Il sacerdote che mi ha introdotto nella Chiesa non ha mai nascosto la verità totale portata nel mondo da Gesù e proprio questo mi ha reso evidente che tale verità era la vera risposta positiva a tutte le mie domande esistenziali. Nel Servo di Dio don Luigi Giussani vi era totale unità tra l’adesione alla verità proclamata dalla Chiesa e l’attenzione ai bisogni di noi giovani studenti. Egli era molto “aperto” proprio perché era molto ortodosso, cioè cattolico e ciò, alla fine, ha provocato la mia conversione. Del resto, questa unità e integralità tra dottrina e pastorale è la caratteristica di tutti i santi, anche quelli contemporanei.
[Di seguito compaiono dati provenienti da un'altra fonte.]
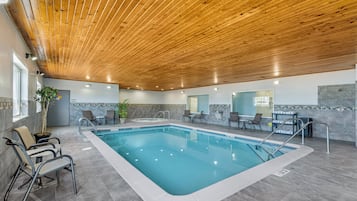 Indoor pool, open 7:00 AM to 11:00 PM, sun loungers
Nel suo libro “Perché la Chiesa” (Rizzoli, 2003, pag. 217 e segg.), don Giussani illustra come tutti i “dogmi”, lungi dall’essere una professione astratta agli occhi dell’uomo anche contemporaneo, in realtà costituiscono la migliore risposta ai problemi anche esistenziali dell’uomo di tutti i tempi. Il grande Chesterton, nel suo libro “Perché sono cattolico” (Gribaudi, 1994) afferma di essere entrato nella Chiesa cattolica per il semplice fatto che il “cattolicesimo è vero”, e, per questo, la Chiesa ha il coraggio di affermare la verità senza corromperla, anche di fronte all’incalzare delle “mode” del mondo.

Insomma, il dogma cattolico (cioè la verità) non è una prigione da cui liberarsi, ma, anzi, uno straordinario trampolino di lancio verso la cultura, la carità e la missione con cui rapportarci con il “mondo”. Le comunità cristiane dovrebbero spiegare dovutamente il significato profondo ed eterno della verità cristiana, invece di vergognarsi di essa, perché ritenuta non adatta all’uomo di oggi, finendo così con l’assumere passivamente i criteri del mondo. La Chiesa non può rinunciare alla sua “diversità” rispetto alle mode del momento, peraltro molto ballerine (tipo quella che riguarda le “coppie irregolari”).

È vero, d’altra parte, che non dobbiamo “aggredire” la gente usando i dogmi come fossero clave: ma non mi pare che oggi vi sia questo pericolo. Semmai oggi, in casa cattolica, c’è il pericolo dell’ignavia. La violenza avviene, oggi, per mano di altri, non cristiani. Abbiamo il compito di vivere innanzi tutto ciascuno di noi, “dentro” le nostre comunità, la verità che abbiamo incontrato (per grazia) e testimoniarla secondo le circostanze, a volte con il solo comportamento, a volte anche con la parola, che costituisce uno dei talenti che abbiamo in dono.

Penso che gli uomini e le donne di oggi, così disperati, abbiano l’esigenza non solo di essere “ricoverati” in una casa accogliente (ma svuotata), ma anche di incontrare la Verità di Cristo e della Chiesa, perché è tale verità che li farà liberi veramente. Liberi anche dalle mode (spesso diaboliche) del mondo.